Hal itu diungkapkan oleh Kepala Pusat Riset Antariksa Badan Riset dan Inovasi Nasional (BRIN), Emanuel Sungging.
Dia menyebut gerhana matahari hibrida tersebut nantinya akan berlangsung selama 3 jam 5 menit.
"Mulai dari durasi kontak awal hingga akhir jika diamati dari Biak, dengan durasi fase tertutup total 58 detik," ujar Emanuel, dikutip dari brin.go.id.
Namun, fenomena gerhana matahari hibrida itu jika diamati dari Jakarta, persentase tertutupnya hanya sebesar 39 persen.
Fenomena langka tersebut, menurut Emanuel bisa dimanfaatkan untuk penelitian menggunakan disiplin ilmu lain.

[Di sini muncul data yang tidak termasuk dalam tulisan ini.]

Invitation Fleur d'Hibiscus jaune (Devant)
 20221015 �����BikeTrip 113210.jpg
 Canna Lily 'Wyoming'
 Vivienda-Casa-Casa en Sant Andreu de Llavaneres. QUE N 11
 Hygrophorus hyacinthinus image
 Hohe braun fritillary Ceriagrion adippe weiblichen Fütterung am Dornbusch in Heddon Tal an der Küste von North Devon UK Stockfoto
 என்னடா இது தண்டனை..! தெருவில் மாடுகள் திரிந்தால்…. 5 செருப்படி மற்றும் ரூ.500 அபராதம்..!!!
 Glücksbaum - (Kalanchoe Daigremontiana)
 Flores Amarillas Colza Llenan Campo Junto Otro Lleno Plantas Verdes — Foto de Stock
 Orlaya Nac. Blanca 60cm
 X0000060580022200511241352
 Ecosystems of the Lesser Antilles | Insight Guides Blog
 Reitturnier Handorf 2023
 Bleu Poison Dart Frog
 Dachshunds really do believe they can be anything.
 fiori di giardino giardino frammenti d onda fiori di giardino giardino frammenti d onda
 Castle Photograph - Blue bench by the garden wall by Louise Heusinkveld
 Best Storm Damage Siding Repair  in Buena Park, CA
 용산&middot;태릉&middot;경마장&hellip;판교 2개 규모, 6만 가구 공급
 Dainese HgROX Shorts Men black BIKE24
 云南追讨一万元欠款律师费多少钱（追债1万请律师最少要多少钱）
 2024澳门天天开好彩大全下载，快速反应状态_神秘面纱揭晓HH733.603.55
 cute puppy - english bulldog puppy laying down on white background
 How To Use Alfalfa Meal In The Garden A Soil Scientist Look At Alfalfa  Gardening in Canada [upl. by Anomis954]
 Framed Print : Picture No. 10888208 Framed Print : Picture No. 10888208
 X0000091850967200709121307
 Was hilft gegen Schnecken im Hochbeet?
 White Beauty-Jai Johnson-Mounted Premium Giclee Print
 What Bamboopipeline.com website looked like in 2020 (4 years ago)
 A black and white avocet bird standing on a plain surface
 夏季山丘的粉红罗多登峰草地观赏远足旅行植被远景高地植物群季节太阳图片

"Peneliti dari disiplin ilmu hayati dapat ikut meneliti apakah ada pengaruh proses terjadinya gerhana matahari terhadap perilaku makhluk hidup baik itu tumbuhan atau hewan," terangnya.
"Selain itu seperti di bidang ilmu sosial, peneliti di bidang tersebut juga dapat melakukan penelitian etnoastronomis, terkait bagaimana budaya yang timbul di masyarakat terkait adanya gerhana matahari hibrida," tambahnya.
Baca juga: Gerhana Matahari Hibrida Terjadi pada 20 April 2023 Mendatang, Termasuk Fenomena yang Cukup Langka
Emanuel Sungging dan timnya akan melakukan pengamatan di Biak Numfor yang berada tepat di lintasan gerhana matahari.
Dia mengatakan akan melakukan tiga hal bersama timnya, yaitu:
1. Riset terkait korona,
2. Dampak gerhana pada ionosfer,
3. Perubahan kecerlangan.
"Untuk mengukur korona akan menggunakan indeks flattening Ludendorf agar dapat melihat bentuk dan struktur korona. Nilai indeks yang dihasilkan akan diturunkan untuk mengidentifikasi aktivitas magnetik dan memprediksi siklus matahari," ujarnya.